■ Exercise prompt ■
Restate word for word the lines below, from the one containing "Honda Accord Touring Image 3" through the final line, with no pictures included.

■ Data shown ■
== == ==
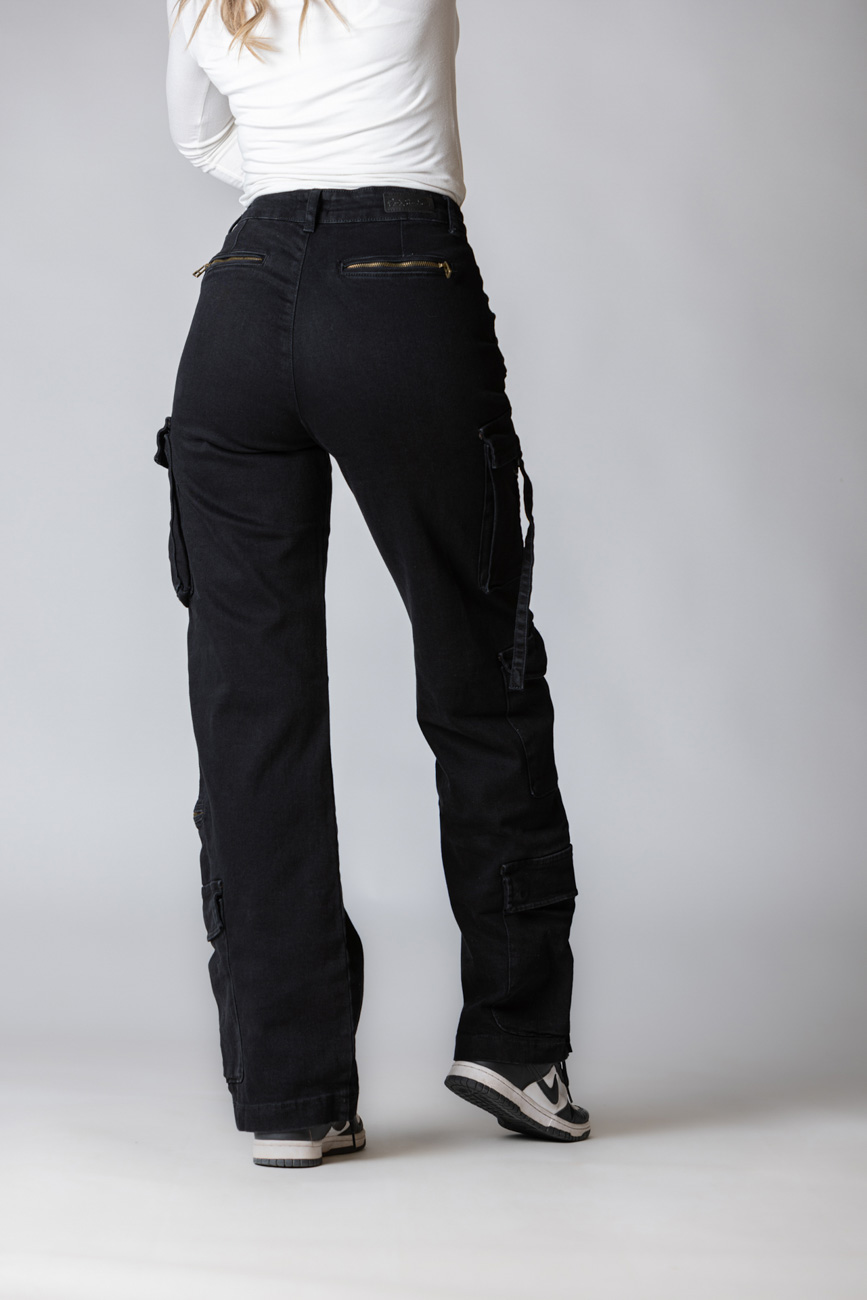Ženska teksas pantalona Art.3242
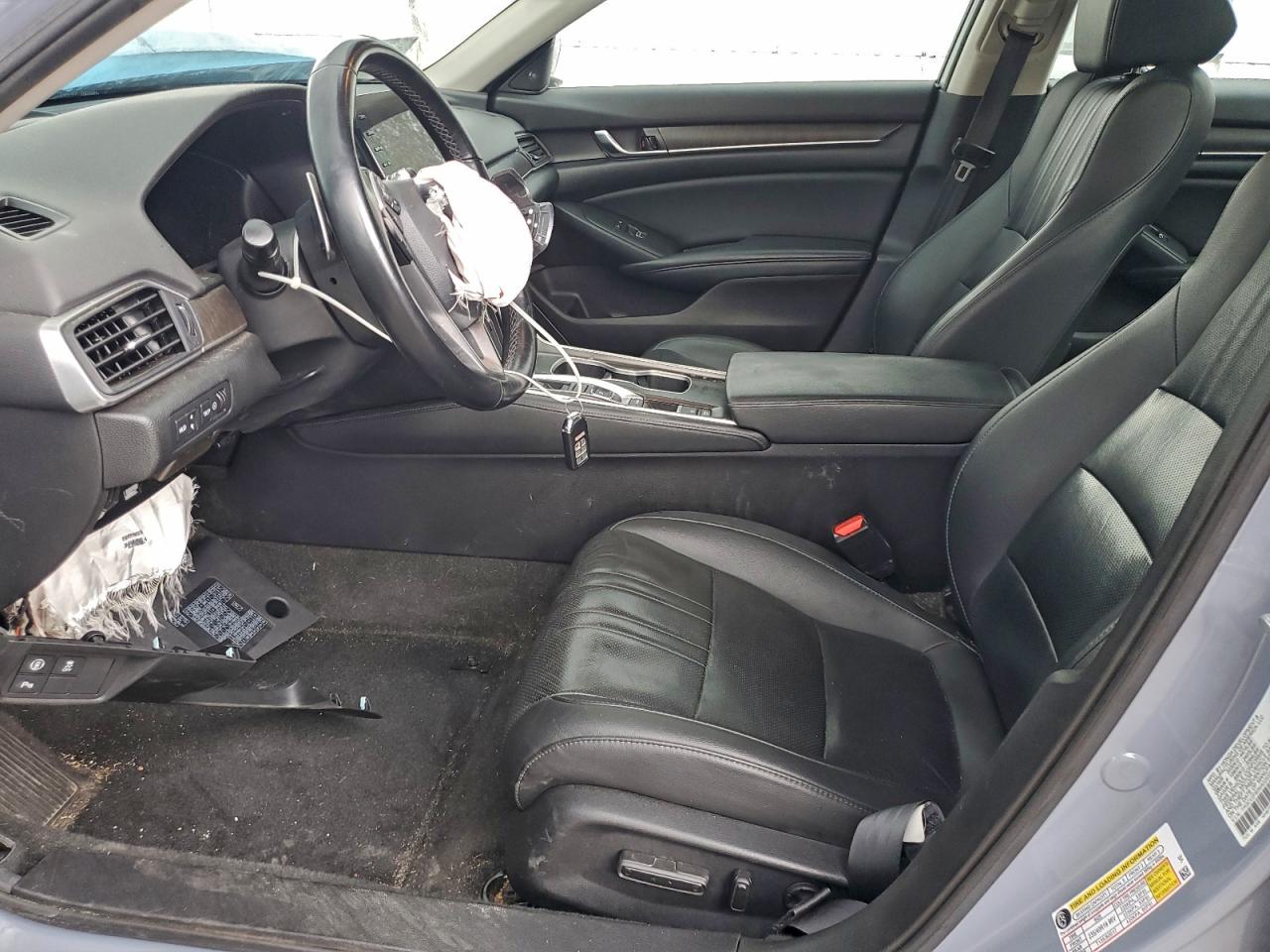 Honda Accord Touring Image 3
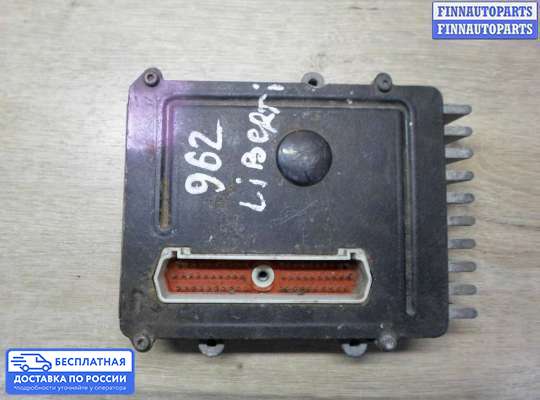 ЭБУ АКПП (блок управления автоматом) на Jeep Cherokee II / Liberty (KJ)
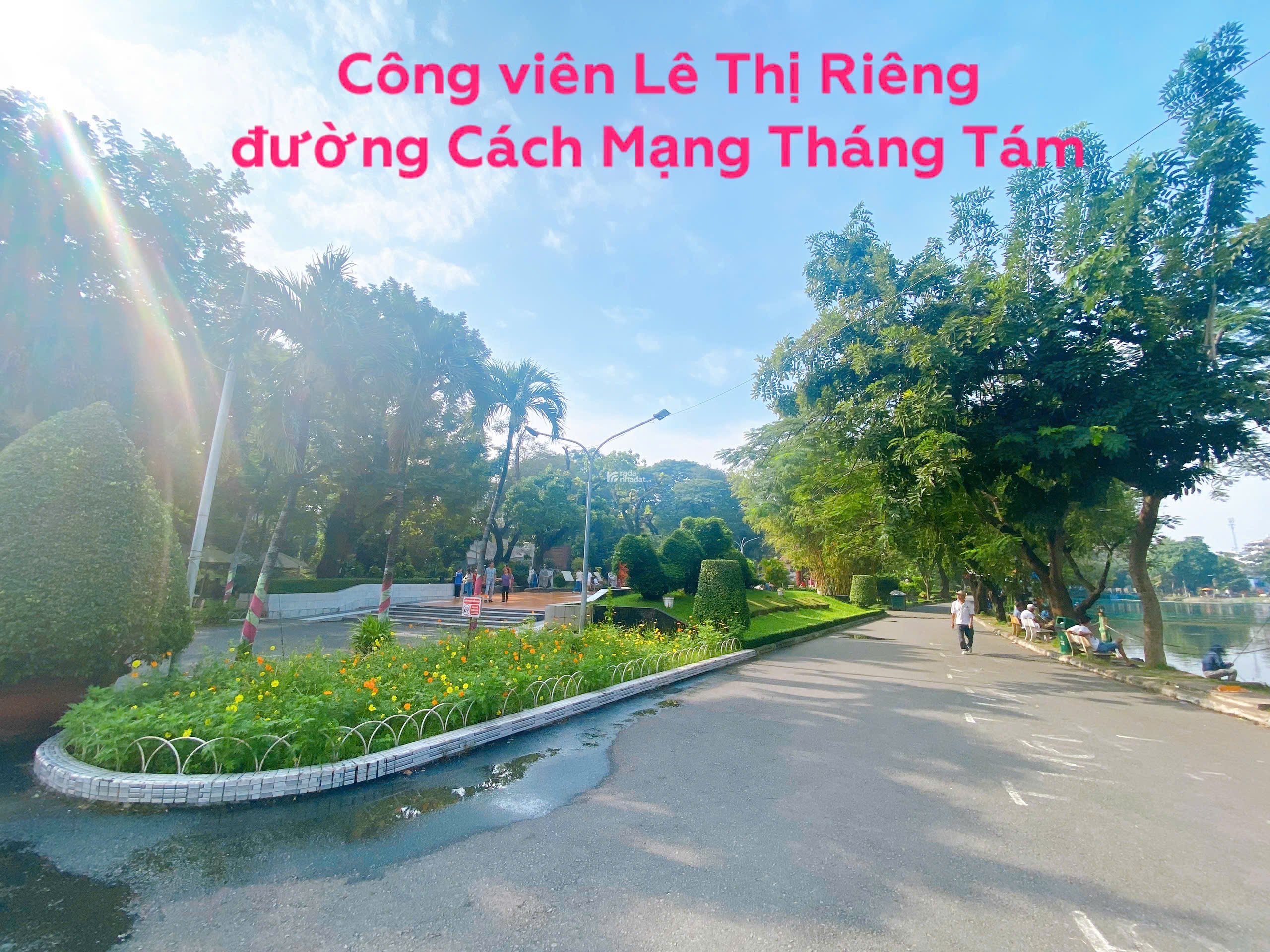 Nhà mặt tiền Cách Mạng Tháng Tám - QUẬN TÂN BÌNH - 3.3 x 24 m - 16.9 tỷ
== == ==
■ Written answer ■
 Honda Accord Touring Image 3
 ЭБУ АКПП (блок управления автоматом) на Jeep Cherokee II / Liberty (KJ)
 Nhà mặt tiền Cách Mạng Tháng Tám - QUẬN TÂN BÌNH - 3.3 x 24 m - 16.9 tỷ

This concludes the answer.